» **WORK REQUEST**
Under this line are records; the part from the line containing "BAN22773: 2-Bedroom Hotel-Style" through the line containing "Nike Patike NIKE DUNK LOW X LEGO COL PS" should be repeated exactly. Please exclude pictures.

──────── DATA SUPPLIED

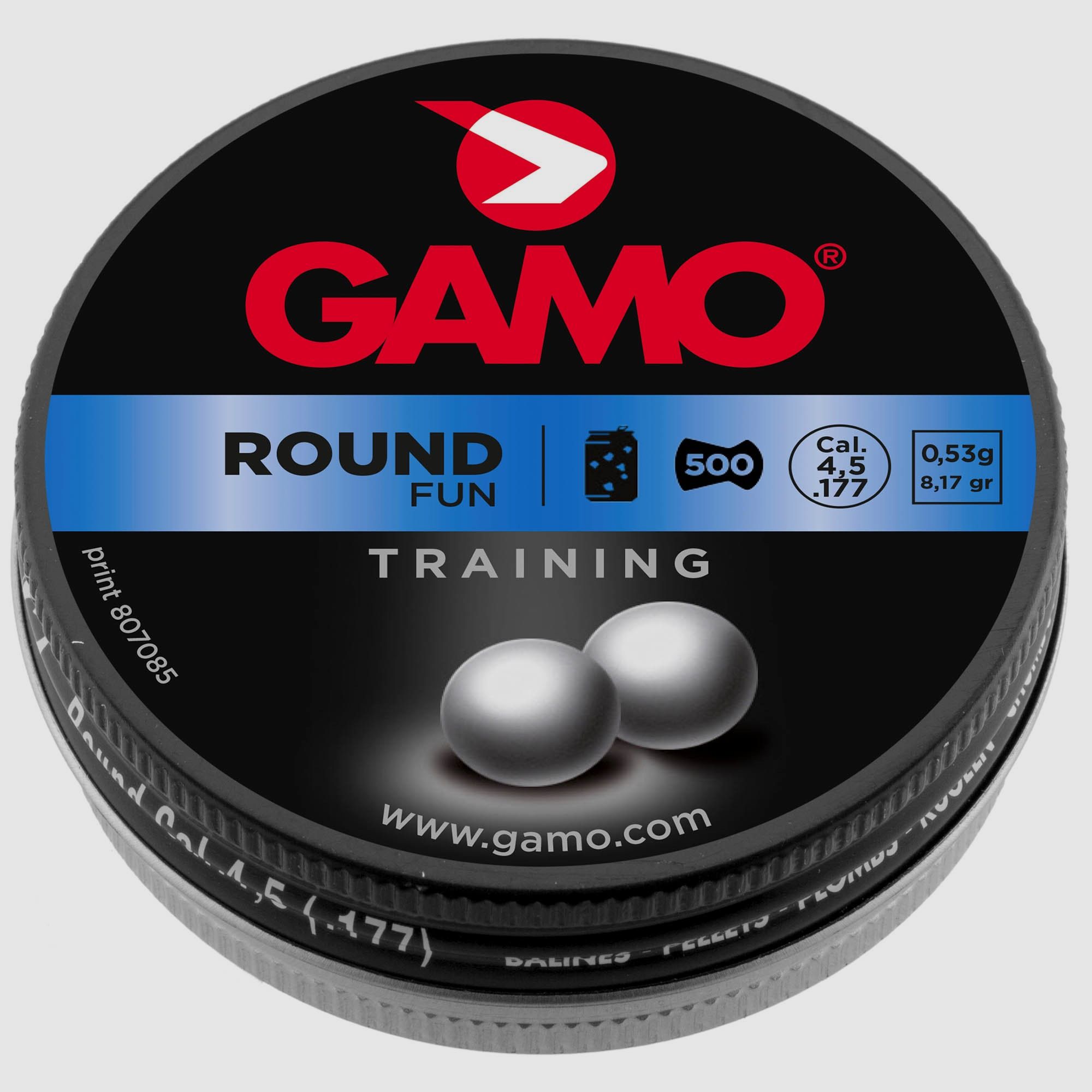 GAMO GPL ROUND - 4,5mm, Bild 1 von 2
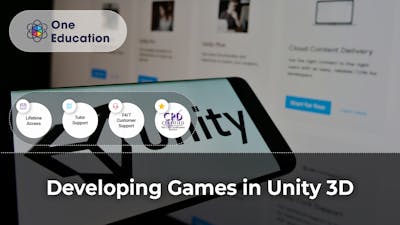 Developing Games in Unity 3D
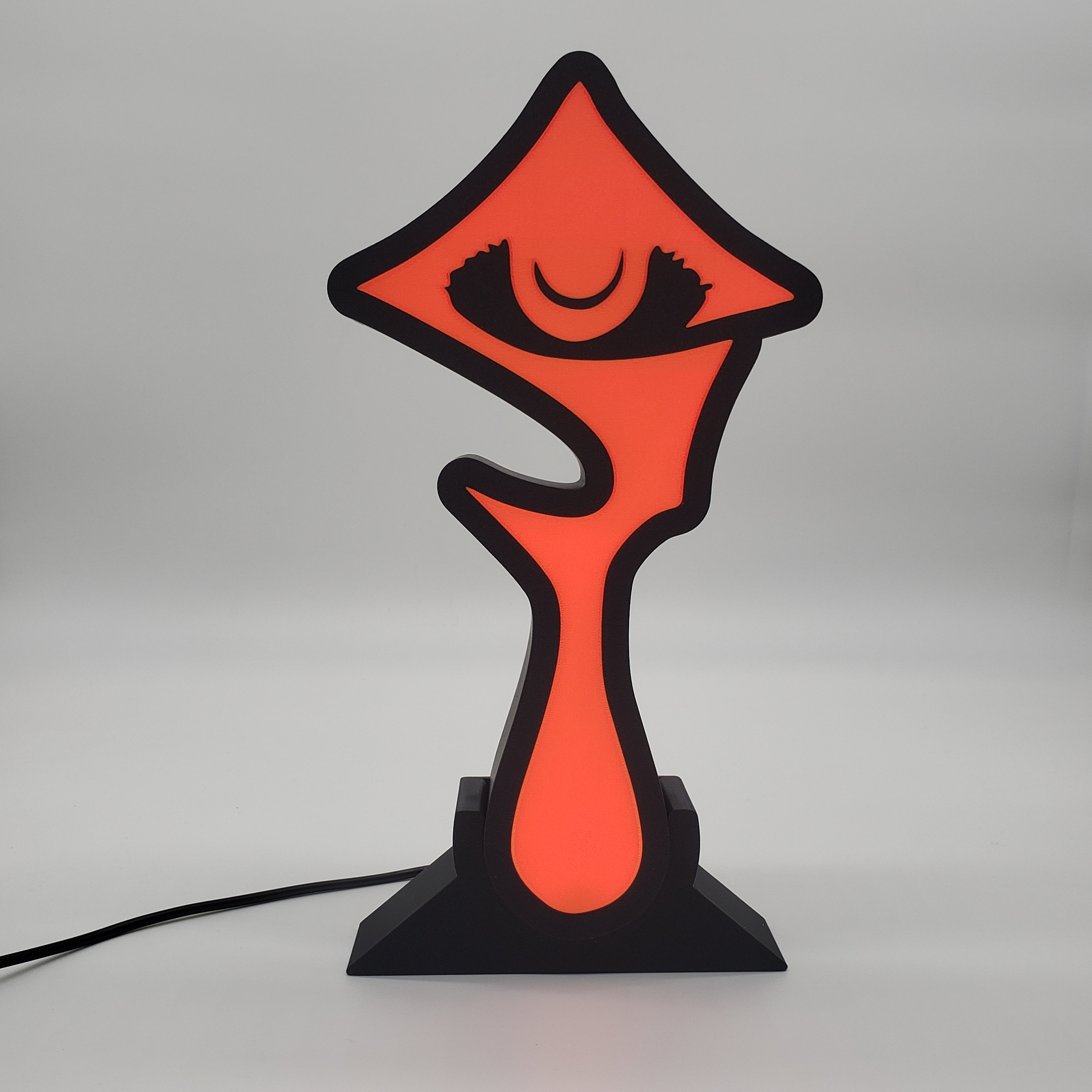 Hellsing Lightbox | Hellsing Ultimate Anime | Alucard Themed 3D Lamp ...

────────────────
──────── DATA SUPPLIED

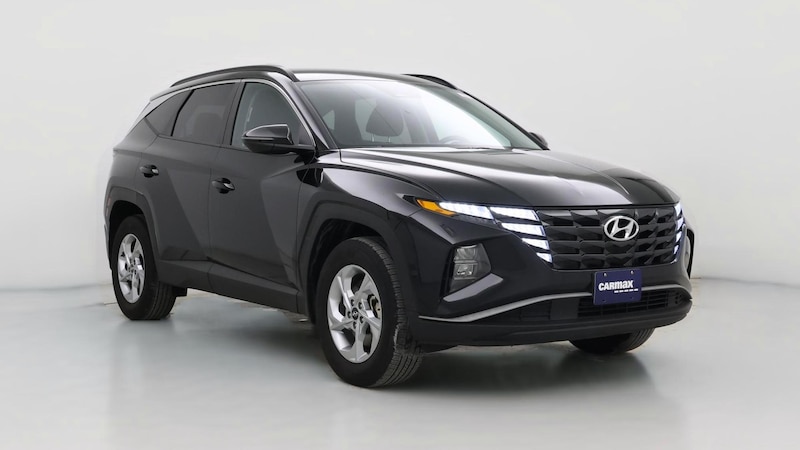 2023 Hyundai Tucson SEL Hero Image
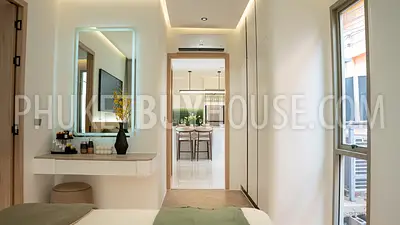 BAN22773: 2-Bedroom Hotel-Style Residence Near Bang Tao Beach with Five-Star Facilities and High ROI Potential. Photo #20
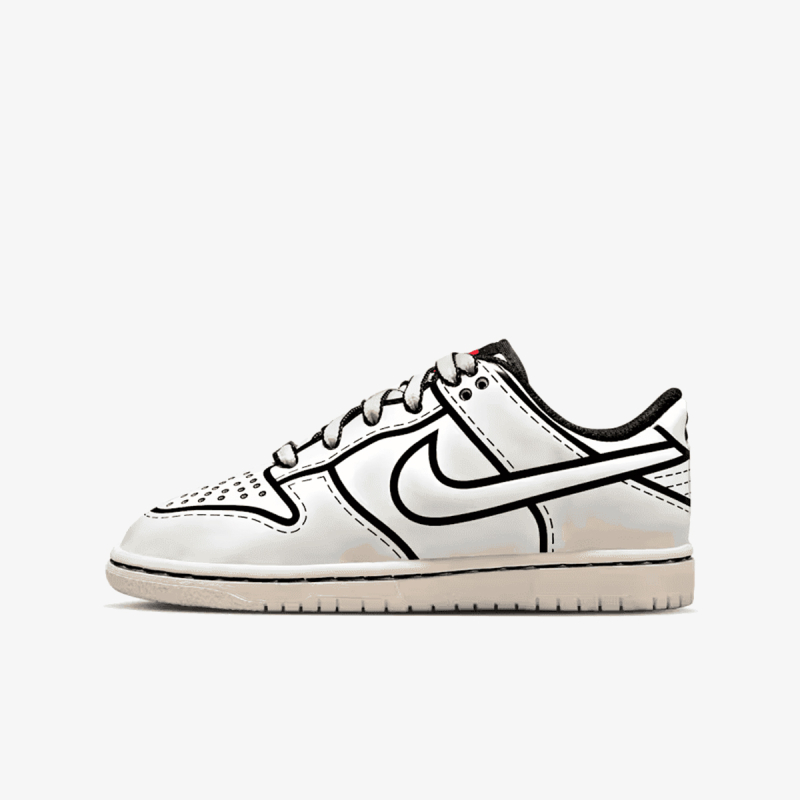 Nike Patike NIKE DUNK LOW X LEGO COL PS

────────────────

» **YOUR RESPONSE**
 BAN22773: 2-Bedroom Hotel-Style Residence Near Bang Tao Beach with Five-Star Facilities and High ROI Potential. Photo #20
 Nike Patike NIKE DUNK LOW X LEGO COL PS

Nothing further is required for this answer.